JOB RESPONSIBILITIES: \r\n- Working with the Country Director to provide environmental information\r\nto the general public via regular electronic communications and serving\r\nas the primary local contact to Armenian NGOs and businesses and the\r\nArmenian offices of international organizations and agencies;\r\n- Helping to organize and prepare CENN seminars/ workshops;\r\n- Participating in defining the strategy and policy of CENN in Armenia,\r\nthe Caucasus region and abroad.\r\nREQUIRED QUALIFICATIONS: \r\n- Degree in environmentally related field, or 5 years relevant\r\nexperience;\r\n- Oral and written fluency in Armenian, Russian and English;\r\n- Knowledge/ experience of working with environmental issues specific to\r\nArmenia is a plus.\r\nREMUNERATION:

how do i solve this problem? Thanks in advance.

sacuL
  • 49,704
  • 8
  • 81
  • 106
nabskim
  • 9
  • 1
  • 7
  • Dot, by default, does not match new lines.
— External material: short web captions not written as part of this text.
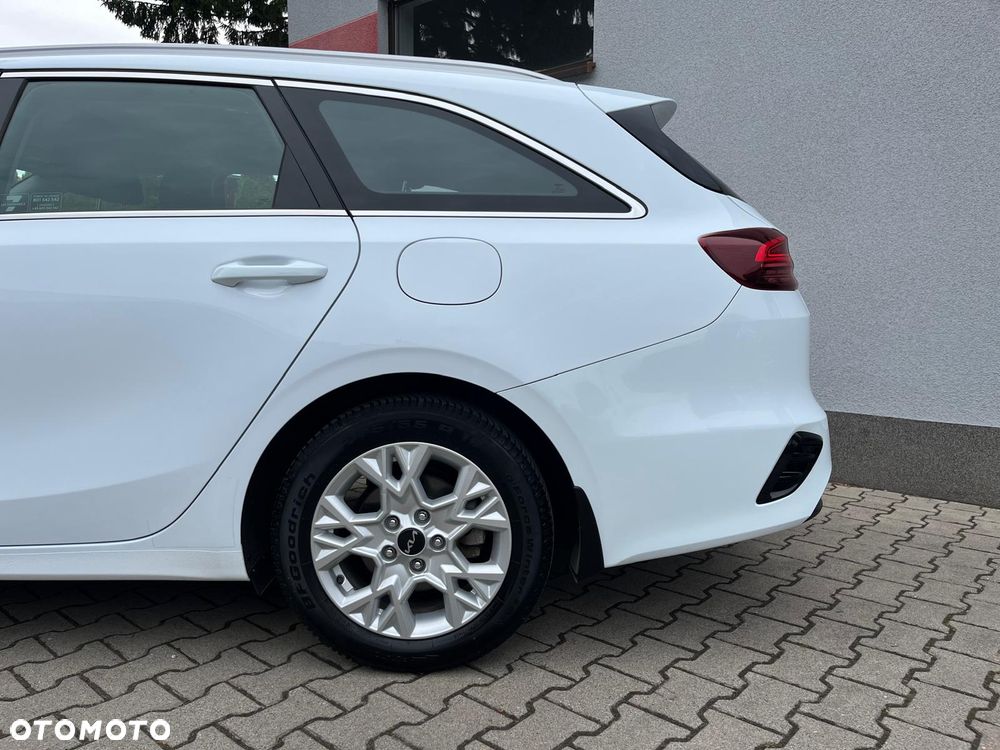 Kia Ceed 1.5 T-GDI M - 13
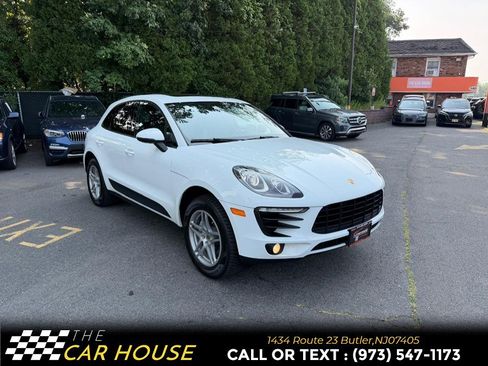 Used 2018 Porsche Macan AWD/4WD image 11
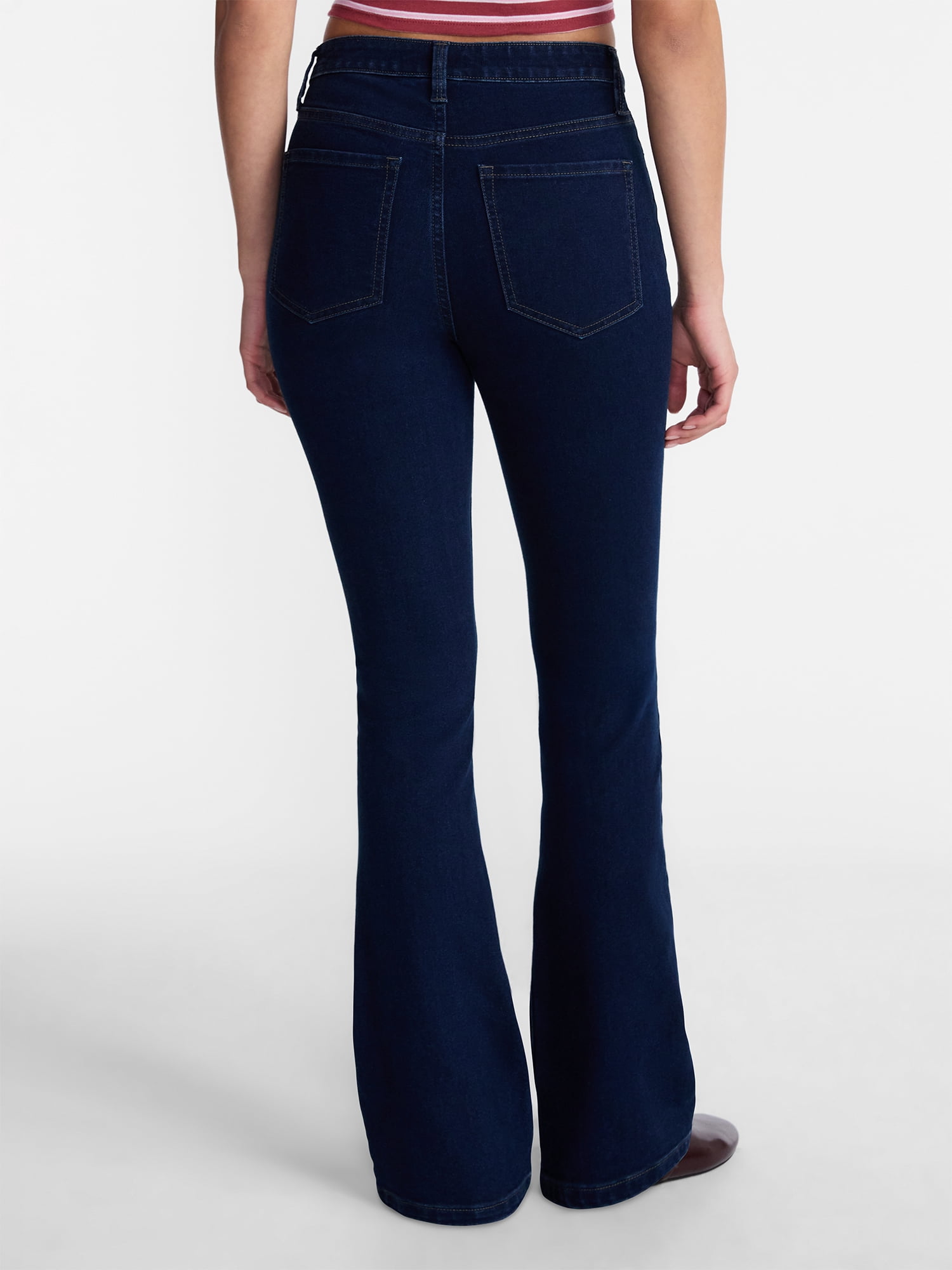 No Boundaries Women's Mid Rise Bootcut Jean, 32" Inseam, Sizes 00-20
You'll have to use the `re.DOTALL` modifier if you want such behavior, i.e. `pattern = re.compile(r"REQUIRED QUALIFICATIONS: .*", re.DOTALL)` – zwer Apr 04 '18 at 15:50
  • @zwer i tried using pattern = re.compile(r"REQUIRED QUALIFICATIONS: .*", re.DOTALL) but the output is not extracting the whole value its only taking match='REQUIRED QUALIFICATIONS: \r\n- Degree in environ> – nabskim Apr 04 '18 at 16:03

2 Answers2

0

You can use : Positive Lookbehind (?<=REQUIRED QUALIFICATIONS:)

code:

import re

text = """
JOB RESPONSIBILITIES:
- Working with the Country Director to provide environmental information

to the general public via regular electronic communications and serving

as the primary local contact to Armenian NGOs and businesses and the

Armenian offices of international organizations and agencies;

- Helping to organize and prepare CENN seminars/ workshops;

- Participating in defining the strategy and policy of CENN in Armenia,

the Caucasus region and abroad.
REQUIRED QUALIFICATIONS:

- Degree in environmentally related field, or 5 years relevant

experience;

- Oral and written fluency in Armenian, Russian and English;

- Knowledge/ experience of working with environmental issues specific to

Armenia is a plus.

REMUNERATION:
"""





pattern =r'(?<=REQUIRED QUALIFICATIONS:)(\s.+)?REMUNERATION'

print(re.findall(pattern,text,re.DOTALL))

output:

['\n\n- Degree in environmentally related field, or 5 years relevant\n\nexperience;\n\n- Oral and written fluency in Armenian, Russian and English;\n\n- Knowledge/ experience of working with environmental issues specific to\n\nArmenia is a plus.\n\n']

regex information:

Positive Lookbehind (?<=REQUIRED QUALIFICATIONS:)
Assert that the Regex below matches


*REQUIRED QUALIFICATIONS*:   matches the characters REQUIRED *QUALIFICATIONS*:                literally (case sensitive)
*1st Capturing Group*        (\s.+)?
*? Quantifier* —             Matches between zero and one times, as 
                             many times as possible, giving back as 
                             needed (greedy)
*\s*                         matches any whitespace character (equal to 
                             [\r\n\t\f\v ])
*.+*                         matches any character 
*+* Quantifier —             Matches between one and unlimited times, 
                             as many times as possible, giving back as 
                             needed 
Aaditya Ura
  • 12,007
  • 7
  • 50
  • 88
0

You may try this regex which is same with yours except that this includes an inline modifier, (?s) ( Single-line or Dot-all modifier which enables dot(.) indicate all characters including vertical white spaces , newline([\n\r]), etc so that enables manipulating multiple lines texts as like single line string.)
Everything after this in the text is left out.